Inventory as of September 30, 2015 was $81.4 million down as expected from $88.8 million in the third quarter of 2014, as we continued to sell through inventory broadened domestically due to high demand for our products. This resulted in comparable DSIs in 2015 of 40 days as we head into our peak selling season.

The company continues to expect net sales for the full year of 2015 to be in the range of $730 million to $740 million with earnings in the range of $0.71 to $0.75 per diluted share and adjusted EBITDA in the range of $56 million to $58 million. And with that I would return the call back to Stephen Berman..

Stephen G. Berman Co-Founder, Chairman, Chief Executive Officer, President & Secretary

Thank you, Joel. We just wrapped up our fall toy preview meetings a couple of weeks ago and we are even more encouraged by the fantastic response from retailers, licensors, and industry partners to our fall 2016 product lineup.

This comes on the heels of the similar response received to our spring 2016 line which is shaping up JAKKS for a strong 2016 year. Disney Tsum Tsum based on the popular app which now has more than 50 million downloads have truly created a sensation.

JAKKS highly anticipated collectibles Tsum Tsum figures will launch at Target this November and then will be in full mass distribution in early 2016. Next year JAKKS will be launching over 150 plus characters from Disney’s vast portfolio of properties. Retailers and consumers can’t wait to get their hands on these collectibles Tsum Tsum figures.

Disney's publishing developed Star Darlings and launched with preteen chapter books, online content, and apps. In November our Star Darling line of dolls, accessories, and activity items will launch exclusively at Justice stores.

The line will be in full mass distribution in early 2016, and as the property gains momentum Disney will support it with additional content such as music and much more. JAKKS has also taken over as a massive toy licensee for Sophia the First in EMEA and Latin America in 2016.

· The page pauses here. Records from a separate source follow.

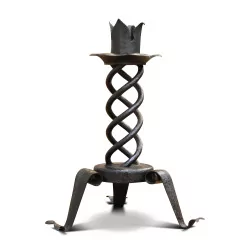 A tripod twisted wrought iron candlestick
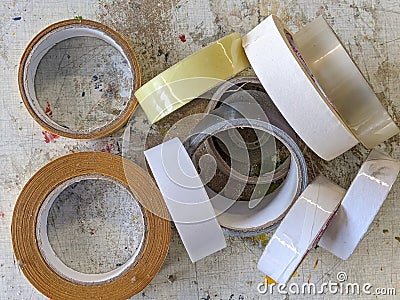 A pile of rolls of tapes on a table Stock Photo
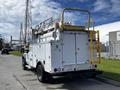 A 2008 Ford F-550 truck with a utility service body and aerial lift equipment mounted on the back, featuring a yellow ladder and tool compartments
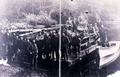 Several men on dock or barge at edge of river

We will launch a line of dolls, accessories, play sets, role play, and dress up items. Eleanor of Avalor Disney’s first Latina princess will be introduced in a 10 fold episode of Sophia the First next summer. We will launch a tight line of role play and dress up items for Eleanor of Avalor next year.

The Star Wars Force Awakens movie premieres in December and new waves of Star Wars Big-Figs will continue to hit retail shelves. Next year we will have another incredible lineup of Big-Figs tied to major theatrical releases.

In the first half of 2016 alone we will introduce large scale figures Batman versus Superman, Teenage Mutant Ninja Turtles, and Warcraft. Also in 2016, we have a new line extensions in the Funnoodle category with the Fun Heroes line. It’s a new line that combines action play with water play.

We have support from several retail customers with more coming on board. A new innovative sports game in the Maui line has been well received as well.

Plus new licenses such as Nickelodeons, Blaze and the Monster Machines, Eleanor of Avalor, and Moana and Spiderman Adventures just to name a few for our ride-on, ball pits, games, and kids furniture categories.

We have already locked in several retail promotion programs for the first half of next year and we are working with our retail partners to create customized design displays, expanding our distribution, and showcasing our products in a new way to consumers.

Our new pet line has been very well received so far and we expect 2016 to be a turnaround year for our pet business. We will be launching with our own IP and have added a new Disney license to our pet division. We have placement confirmed in several key retailers and continue to work on expanding this business.

In addition in 2016 we are extremely excited that Disguise will launch the first ever Lego licensed costumes. Retailers are already clamoring for these for the next Halloween. Also high on retailers request for next year are Warcraft, WWE, Power Puff Girls, and Shopkins plus the Secret life of Pets and Disney Princess Belle, Ariel, and Rapunzel.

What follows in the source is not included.